MacLean died of 'natural causes'

Platinum Blonde in 1985: Sergio Galli, Kenny Maclean, Mark Holmes and Chris Steffler.

Platinum Blonde in 1985: Sergio Galli, Kenny Maclean, Mark Holmes and Chris Steffler.

JASON MacNEIL - Sun Media

, Last Updated: 9:09 AM ET

Last Friday night former Platinum Blonde bassist and solo artist Kenny MacLean was where he wanted to be.

The musician was onstage celebrating the upcoming release of his solo album, Completely, with special guests The High Rollers at The Mod Club among fans, family and friends.

But sadly, that show would be his last as MacLean was found dead Monday by his sister at his Toronto studio/living space. According to his publicist and personal assistant Bridget Villemaire, MacLean was 52.

"On behalf of Kenny MacLean's family, friends and band, we want to confirm the tragic, and untimely death, due to natural causes, this past weekend," MacLean's family said in a news release issued late yesterday afternoon. "He will be greatly missed."

A memorial page on Platinum Blonde's official website featured a collage of photos of MacLean with the word "love" on one side.

Born in Glasgow, Scotland, MacLean honed his musical chops in a band called The Hairdressers before forming The Suspects in 1979 and, according to the Canadian Pop Encyclopedia, releasing an independent single. The Suspects changed their name to The Deserters in 1981, a quartet featuring MacLean, Henry DiClemente, Chris Gibb and Greg Stephens.

After its self-titled debut, The Deserters released Siberian Nightlife, which was re-released on EMI soon after. In a short Toronto Sun review of their 1983 gig at Massey Hall (opening for The Stray Cats) Sun critic Wilder Penfield III said the group "are more likely to recall the throbbing textures of Ultravox, the anthems of U2, or any number of hit-bound hard rock 'n' rollers" before adding they would "soon be helping secure Toronto's spot on the music map."

"Kenny had a great charm and knew everybody in the music scene at that time," Stephens said yesterday. "I will miss Kenny very much but always remember his energy, charm and great musicality."

Following his time in The Deserters, MacLean joined Canadian rock darlings Platinum Blonde for their 1985 album, Alien Shores, writing or co-writing a few songs on the record. The multi-platinum selling album, featuring Situation Critical, Crying Over You and Hungry Eyes, would be followed up by 1987's Contact and Yeah Yeah Yeah, a record released in 1990 with the band now called The Blondes.

Although Platinum Blonde would return in the '90s with lead singer Mark Holmes fronting a new lineup, MacLean went into his solo career with his debut album, Don't Look Back, in 1990, the single being the sweet and radio-friendly title track.

In 1995, MacLean returned with another solo album, Clear, featuring songs written with Holmes.

MacLean also had his fingers in the business side of the music industry, creating the company hMh Music and serving as its artistic director.
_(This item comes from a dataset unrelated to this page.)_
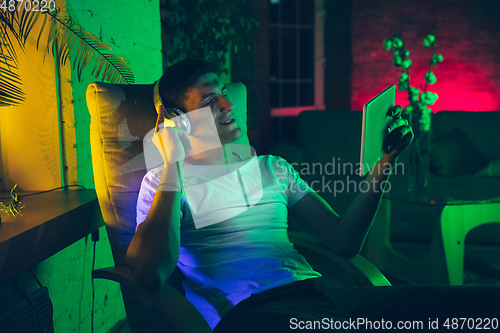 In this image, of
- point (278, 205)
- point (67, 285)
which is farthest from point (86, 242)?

The company, with its headquarters in downtown Toronto, featured various programs from recording and audio engineering to DJ arts and had just opened in early September.
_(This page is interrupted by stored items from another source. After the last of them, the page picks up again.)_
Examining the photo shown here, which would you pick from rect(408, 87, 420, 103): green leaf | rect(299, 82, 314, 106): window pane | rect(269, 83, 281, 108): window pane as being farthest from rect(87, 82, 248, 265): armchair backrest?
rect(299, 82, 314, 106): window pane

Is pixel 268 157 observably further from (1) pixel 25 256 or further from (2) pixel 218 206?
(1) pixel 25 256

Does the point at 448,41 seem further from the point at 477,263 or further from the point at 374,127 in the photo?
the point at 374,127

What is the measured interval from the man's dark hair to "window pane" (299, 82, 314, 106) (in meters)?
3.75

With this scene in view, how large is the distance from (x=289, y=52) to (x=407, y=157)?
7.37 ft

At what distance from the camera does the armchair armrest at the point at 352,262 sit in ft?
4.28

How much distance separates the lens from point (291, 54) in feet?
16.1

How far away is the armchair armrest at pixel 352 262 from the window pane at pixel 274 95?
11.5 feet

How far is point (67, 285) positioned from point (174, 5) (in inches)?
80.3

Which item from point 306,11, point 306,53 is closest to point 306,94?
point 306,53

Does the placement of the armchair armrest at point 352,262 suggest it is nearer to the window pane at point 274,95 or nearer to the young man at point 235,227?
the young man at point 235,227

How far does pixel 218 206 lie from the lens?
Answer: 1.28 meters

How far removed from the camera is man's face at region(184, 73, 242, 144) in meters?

Aside from his solo work, MacLean was also one of the core members behind a new project entitled Rock Through The Ages (or Rock TTA), a show featuring a stellar line-up of seasoned musicians doing songs from the '50s such as Ben E. King's Stand By Me to a horde of Beatles hits up to Keane's Everybody's Changing and Coldplay's Yellow.

According to the news release, MacLean's family has arranged for a private funeral which will be followed by a memorial service for friends and associates. The date has yet to be announced.